Activity: Exactly the lines from the one containing "Dancing ballet performance" through the end of the listing must make up the answer, with no pictures included.

Dataset excerpt:
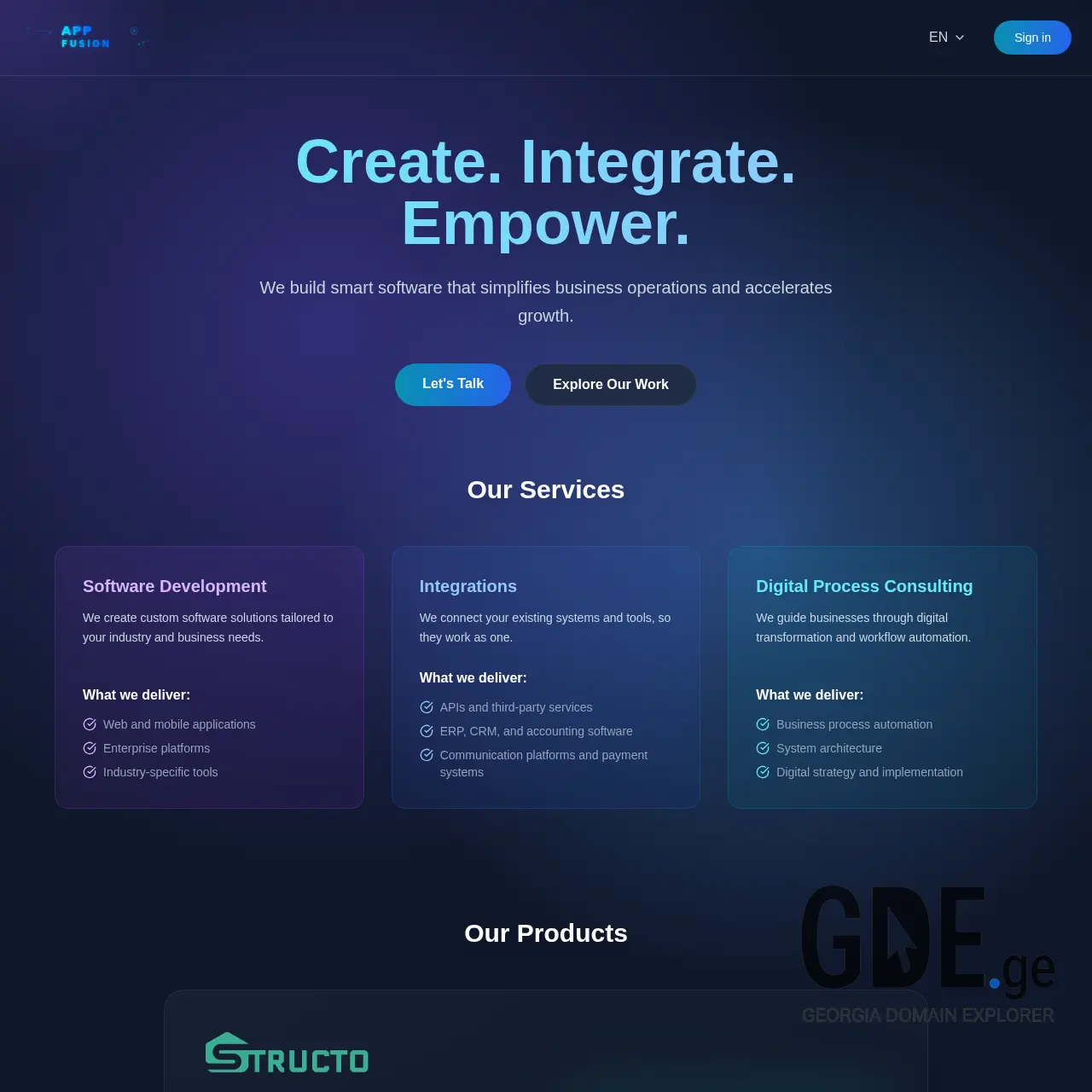 Screenshot of the site appfusion.ge at 2026-03-29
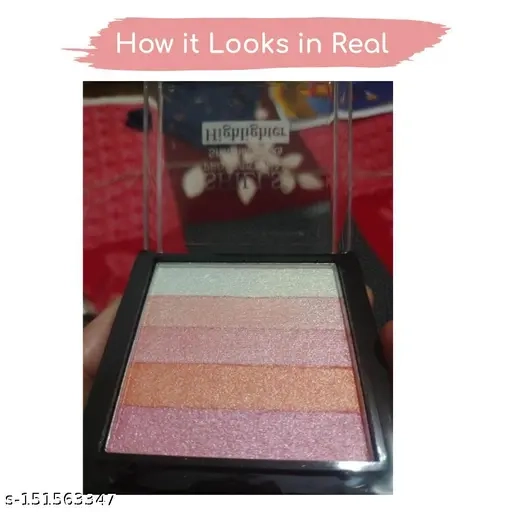 RONZILLE metallic blusher square palette case & Long Lasting Highlighter (shade 02)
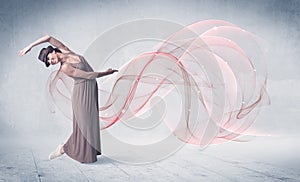 Dancing ballet performance artist with abstract swirl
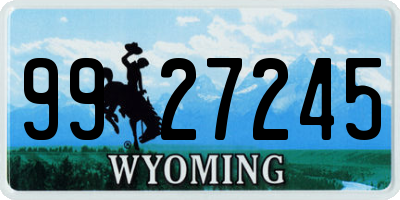 WY license plate 9927245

Exercise answer:
 Dancing ballet performance artist with abstract swirl
 WY license plate 9927245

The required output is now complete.